PROBLEM DETAILS >> Exactly reproduce the lines from the one containing "foto/Svečana Akademija HOK-a - 5" through the last line of the data, both ends included, leaving out pictures.

DATA FOR ANALYSIS Start Marker

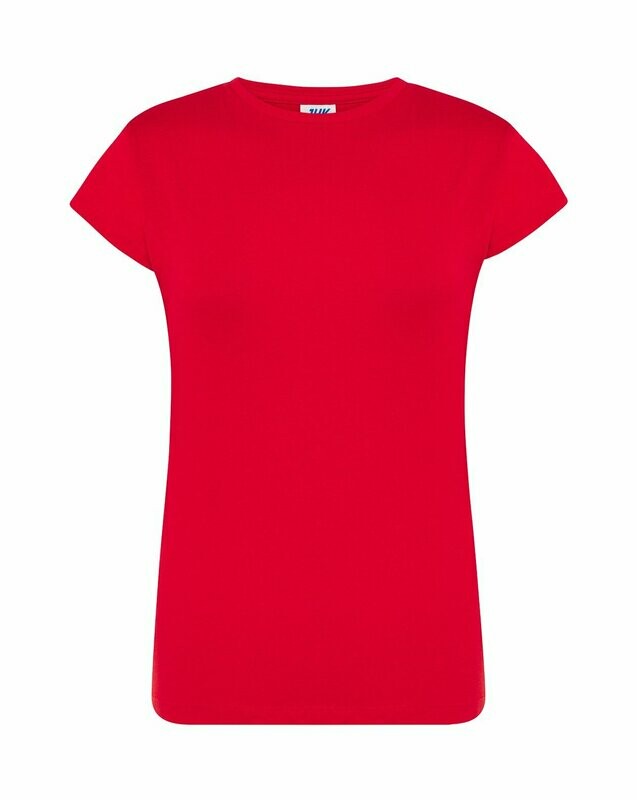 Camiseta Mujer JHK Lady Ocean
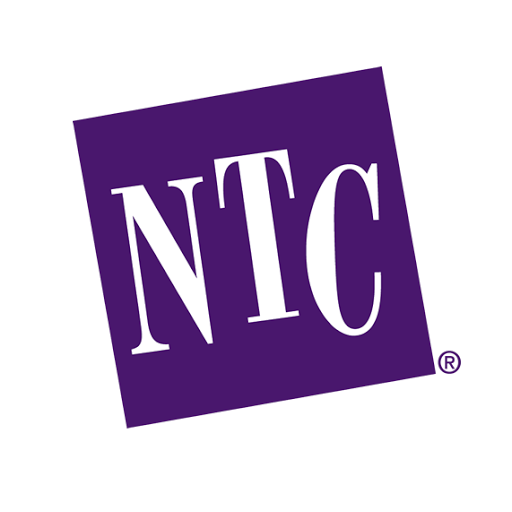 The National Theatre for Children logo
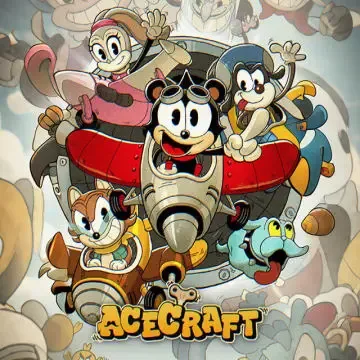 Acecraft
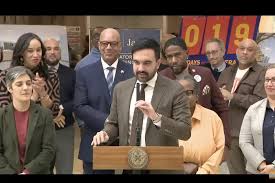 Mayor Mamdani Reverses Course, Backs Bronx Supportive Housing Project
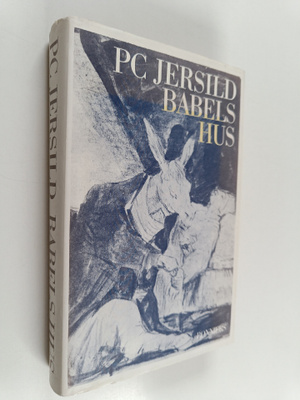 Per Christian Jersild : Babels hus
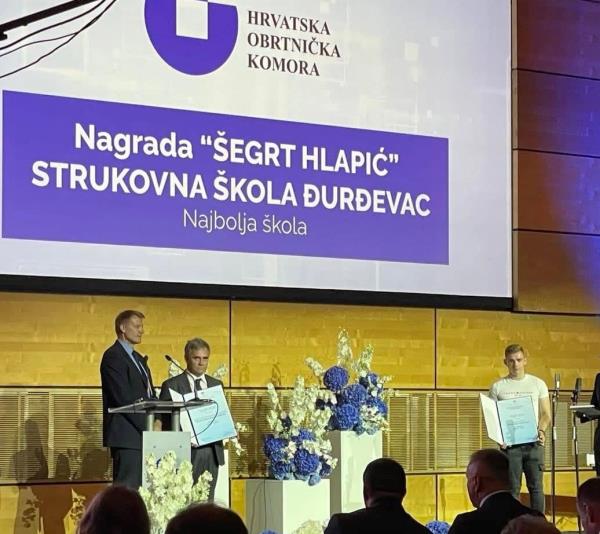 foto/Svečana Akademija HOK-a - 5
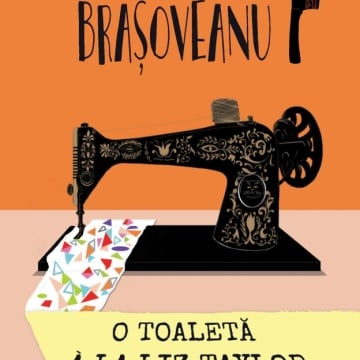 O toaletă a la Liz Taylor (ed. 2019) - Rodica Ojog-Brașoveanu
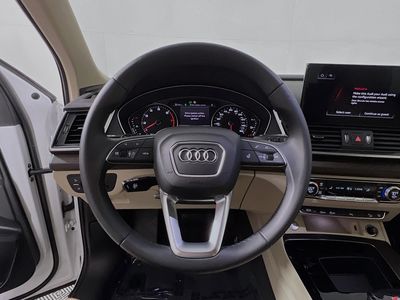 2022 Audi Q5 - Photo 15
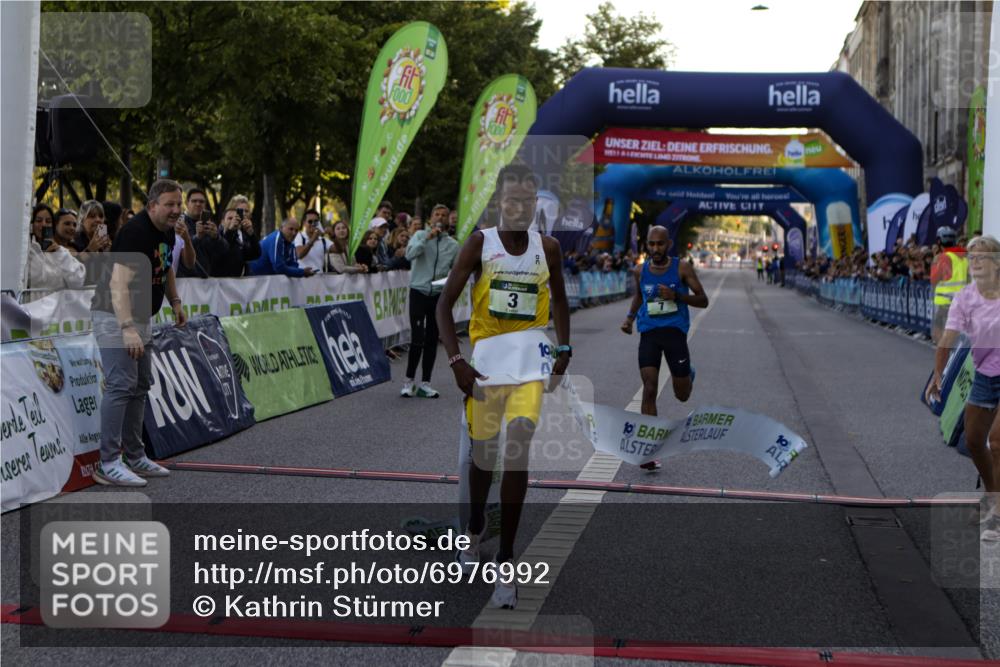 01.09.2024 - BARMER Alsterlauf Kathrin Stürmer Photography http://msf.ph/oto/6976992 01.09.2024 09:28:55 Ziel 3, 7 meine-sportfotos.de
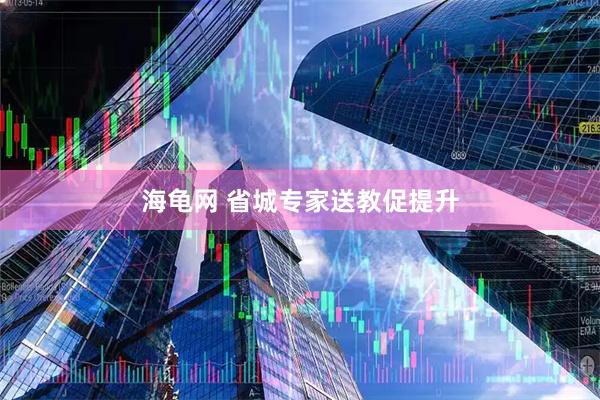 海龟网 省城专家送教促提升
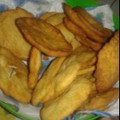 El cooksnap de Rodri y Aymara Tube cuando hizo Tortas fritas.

DATA FOR ANALYSIS End Marker

FINAL ANSWER >>
 foto/Svečana Akademija HOK-a - 5
 O toaletă a la Liz Taylor (ed. 2019) - Rodica Ojog-Brașoveanu
 2022 Audi Q5 - Photo 15
 01.09.2024 - BARMER Alsterlauf Kathrin Stürmer Photography http://msf.ph/oto/6976992 01.09.2024 09:28:55 Ziel 3, 7 meine-sportfotos.de
 海龟网 省城专家送教促提升
 El cooksnap de Rodri y Aymara Tube cuando hizo Tortas fritas.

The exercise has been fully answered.